* **DATA LISTING**

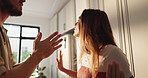 Angry, conflict and couple with argument in home for toxic marriage, betrayal and disagreement. Divorce, liar and frustrated people with conversation, relationship drama and fight for cheating affair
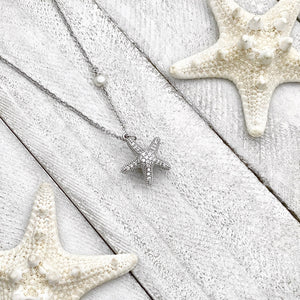 Starfish Hidden Pearl Necklace displayed on a white wooden surface.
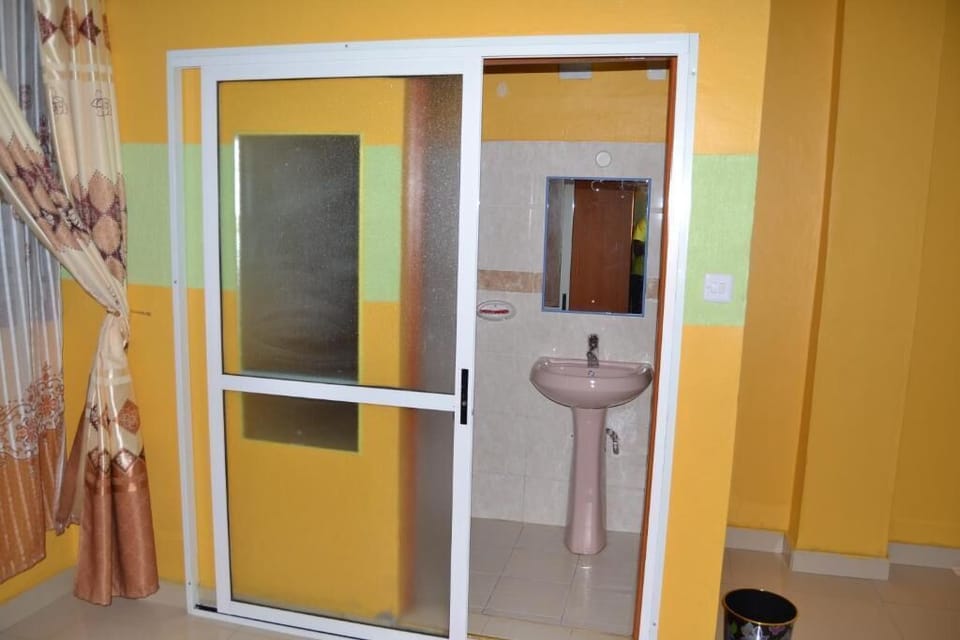 Deluxe Triple Room, City View | Bathroom | Shower, slippers, towels, soap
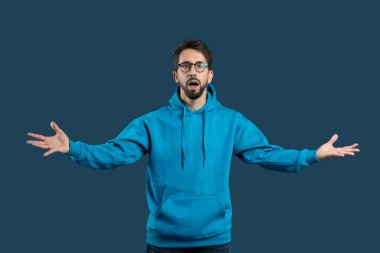 Mavi kapüşonlu genç bir adam kolları açık duruyor, koyu mavi bir arkaplana karşı sürpriz ya da coşku taşıyor. Yüzündeki ifade gerçek bir heyecanı yakalıyor..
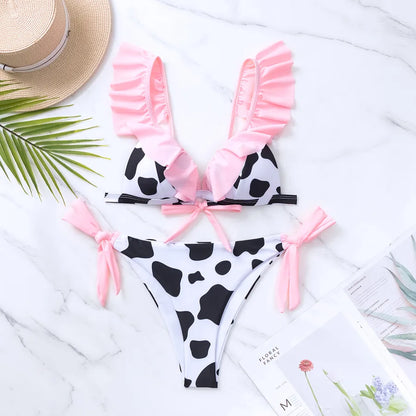 Luxury women's bikini set featuring a stylish cow pattern, designed with ruffles and triangle cups for a sexy look, perfect for beach and pool occasions.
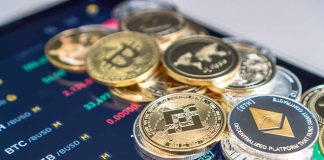 Cryptocurrency coins on a trading screen background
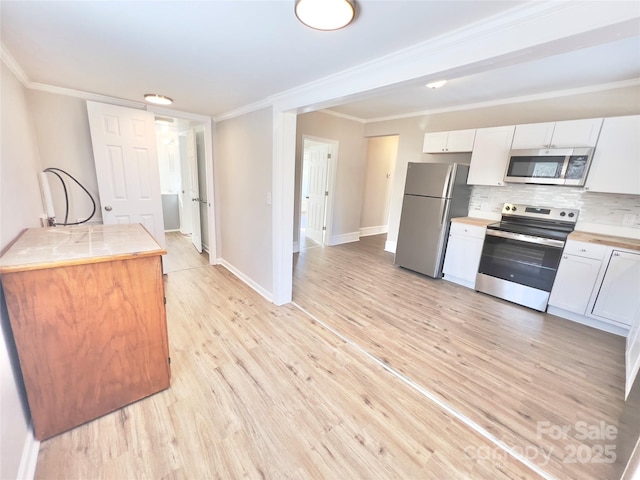 kitchen with white cabinets, decorative backsplash, ornamental molding, and appliances with stainless steel finishes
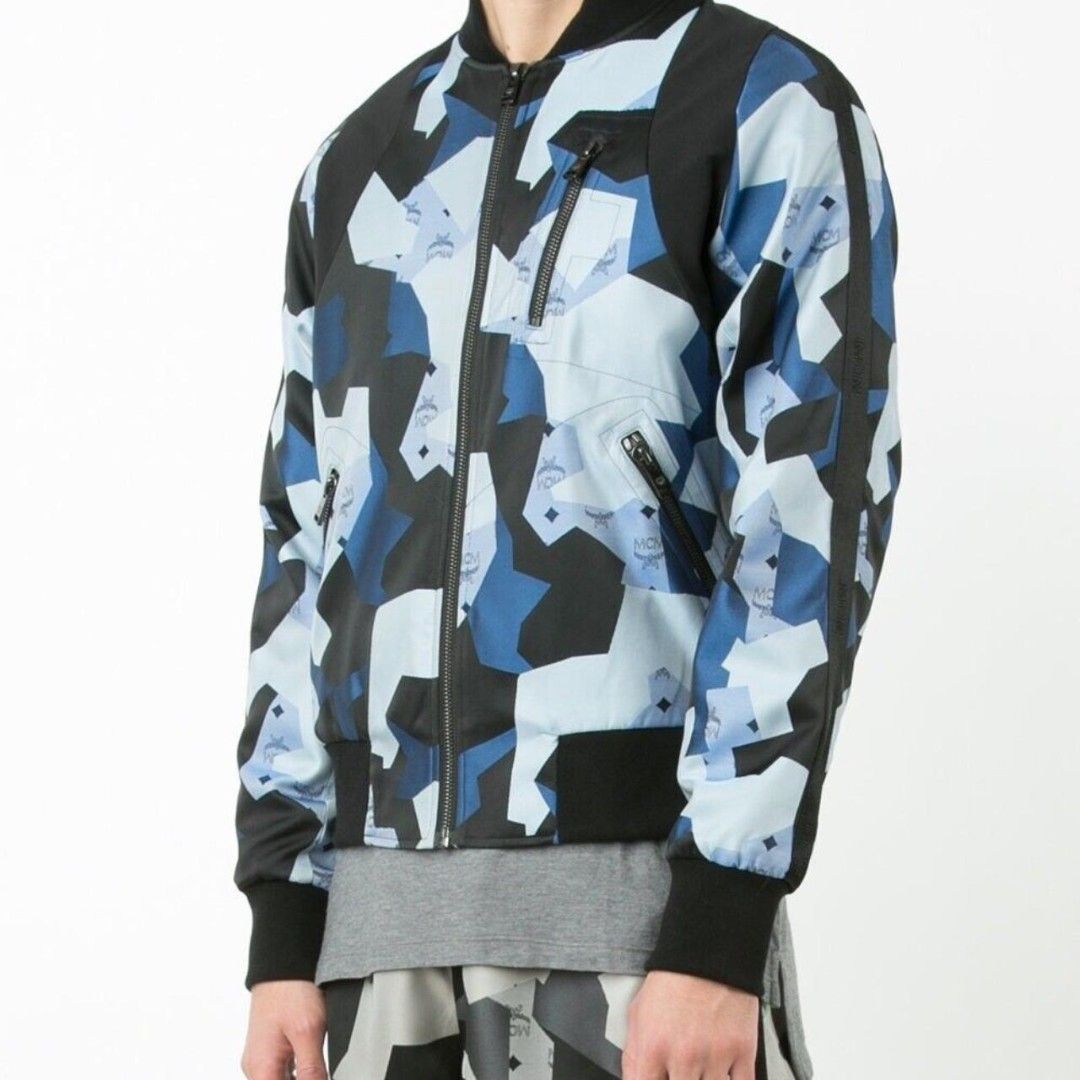 mcm x christopher raeburn bomber jacket (Category: Luxury Apparel) located in Amadeo. Submitted by josephotep (Listing ID 1467166234, Image 1). Description: mcm x christopher raeburn bomber jacket L on tag 22.5x25 minimal sign of usage in hem, neck at sa kamay(9.5/10 colorate condition) sa blue part is excellent 1999 plus sf loc cavite pm📥.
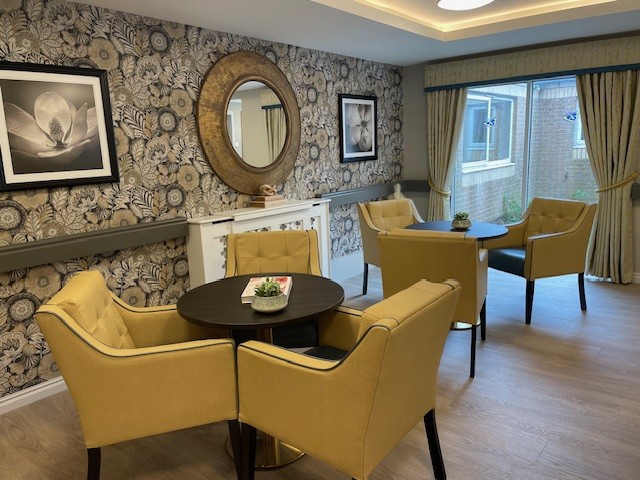 care home reception area with armchairs and tables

* **REQUIREMENT**
Write the lines out word for word, starting at the one with "kitchen with white" and stopping after the last line of the material above, with pictures excluded.

* **RESPONSE AREA**
 kitchen with white cabinets, decorative backsplash, ornamental molding, and appliances with stainless steel finishes
 mcm x christopher raeburn bomber jacket (Category: Luxury Apparel) located in Amadeo. Submitted by josephotep (Listing ID 1467166234, Image 1). Description: mcm x christopher raeburn bomber jacket L on tag 22.5x25 minimal sign of usage in hem, neck at sa kamay(9.5/10 colorate condition) sa blue part is excellent 1999 plus sf loc cavite pm📥.
 care home reception area with armchairs and tables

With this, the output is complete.